2. The facts leading up to the award were that a contract for the supply of Indian Teak Sleepers of specified sizes at a specified rate was entered into between the Union of India and M/s. Tribhuwan Das Lalji Patel of Bhavnagar. The contracted goods had to be supplied to the Union of India on monthly basis from June, 1952 onwards and the total quantity was to be supplied by 31st December 1952. The contract entered into by the Union of India was subject to its Supply Department's general conditions of contract contained in a printed booklet known as form W.S.B. 133. These general conditions, inter alia, contained an arbitration clause under which in case of a dispute between the parties and differences arising between them the same were to be referred to the arbitration of two arbitrators, one to be appointed by each of the contracting parties and in case of disagreement to an umpire for his adjudication. Disputes did arise between the parties as to the claim of damages of Union of India arising out of the alleged non-supply of the contracted goods buy the other party. The arbitrators did not agree among themselves and so the matter was referred to Shri Ram Labhaya, Umpire, who made his award on 21st November, 1960. By this award the Government's claim for damages were upheld to the extent of Rs.18,320/-. On the award being filed in Court the Contractor filed objections against it and contended that the award is liable to be set aside as it suffered from an error a parent on the face of it. The trial Court agreeing with the contention set aside the award and dismissed the application of Union of India for making the award a rule of the Court. Aggrieved, the Union of India has preferred this appeal.
3. Mr. Brijbans Kishore, the learned counsel for the appellant, has urged that on a reading of Clause 11 (3) of the conditions of contract it would be clear that irrespective of whether the Government suffered any loss or not on account of the contractor's failure to supply the contracted goods, the Government was entitled to damages. He further contended that the award was justified in terms of illustration (a) under Section 73 of the Contract Act. The learned counsel for respondent on the other hand, contended that when admittedly the Government suffered no loss or damage, the umpire could not award damages as damages can only be awarded provided there is a loss.
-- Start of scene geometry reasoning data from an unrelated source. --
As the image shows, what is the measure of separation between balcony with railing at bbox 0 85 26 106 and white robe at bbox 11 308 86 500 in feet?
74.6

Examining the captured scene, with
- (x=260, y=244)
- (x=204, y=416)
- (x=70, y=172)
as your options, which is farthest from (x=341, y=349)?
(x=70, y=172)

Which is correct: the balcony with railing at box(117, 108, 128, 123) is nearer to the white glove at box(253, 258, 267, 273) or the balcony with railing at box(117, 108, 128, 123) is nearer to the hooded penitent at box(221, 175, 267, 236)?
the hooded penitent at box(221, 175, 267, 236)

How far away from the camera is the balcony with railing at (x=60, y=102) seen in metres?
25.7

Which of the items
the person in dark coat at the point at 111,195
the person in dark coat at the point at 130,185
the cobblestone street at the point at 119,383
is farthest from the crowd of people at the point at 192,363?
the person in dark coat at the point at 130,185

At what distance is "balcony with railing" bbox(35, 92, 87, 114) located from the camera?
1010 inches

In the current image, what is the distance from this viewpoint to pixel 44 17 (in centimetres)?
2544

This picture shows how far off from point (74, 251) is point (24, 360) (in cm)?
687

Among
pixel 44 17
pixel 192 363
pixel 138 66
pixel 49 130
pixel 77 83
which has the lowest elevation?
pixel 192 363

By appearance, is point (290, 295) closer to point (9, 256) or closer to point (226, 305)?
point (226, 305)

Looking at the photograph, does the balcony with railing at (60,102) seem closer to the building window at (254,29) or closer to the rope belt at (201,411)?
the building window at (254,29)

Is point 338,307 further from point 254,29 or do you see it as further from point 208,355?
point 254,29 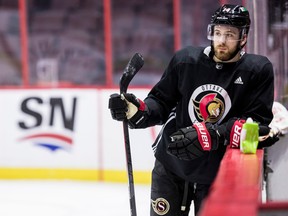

4. Clause 11 (3) of the condition of contract reads as under:-
'Failure and Termination, Should the contractor fail to deliver the stores or any consignment thereof within the period prescribed for such delivery the Secretary, Department of Supply shall be entitled at his option either:-
(a) to recover from the contractor as 'liquidated damage, and not by way of penality, a sum of 2% of the price of any stores which the contractor has failed to deliver as aforesaid; for each month or part of a month during which the delivery of such stores may be in arrears.
(b) to purchase elsewhere, without notice to the contractor on the account and at the risk of the contractor, the stores not delivered or others of a similar description (where others exactly complying with the particulars are not in the opinion of the Secretary, Department of Supply which shall be final, readily procurable) without cancelling the contract in respect of the consignment not yet due for delivery, or
(c) to cancel the contract
In the event of action being taken under (b) or (c) above the contractor shall be liable for any loss which the purchaser may sustain on that account but the contractor shall not be entitled to any gain on repurchases made against default'
Under this clause it is apparent that if the Contractor fails to deliver the stores or part of the stores, the Government becomes entitled at its option either to recover as liquidated damages a sum of 2 per cent. of the price of the stores not supplied or if they are supplied late; or to purchase the stores not supplied or short supplied form anywhere else at the risk and expense of the contractor and claim any excess price paid by the Government; or to cancel the contract. In case there is risk purchase or cancellation of contract the contractor is liable for any loss which the purchaser or the Government may sustain. But the contractor will not be entitled to payment of any gain made by the Government on repurchase. Thus, it is apparent that the Government can recover only loss sustained by it and cannot claim damages from the contractor if no loss is sustained. Mr. Brijbans Kishore urged that in the proviso to Clause 11 (3) read above the word 'shall' has been used to fix the liability of the contractor but the word 'may' has been used with regard to any loss that may be sustained by the Government and this would tend to mean that irrespective of the loss there is a liability on the contractor to pay damages. I cannot agree to this interpretation of the clause as a very reading of the proviso would show that the contractor's liability to reimburse the Government exists only if there is any loss.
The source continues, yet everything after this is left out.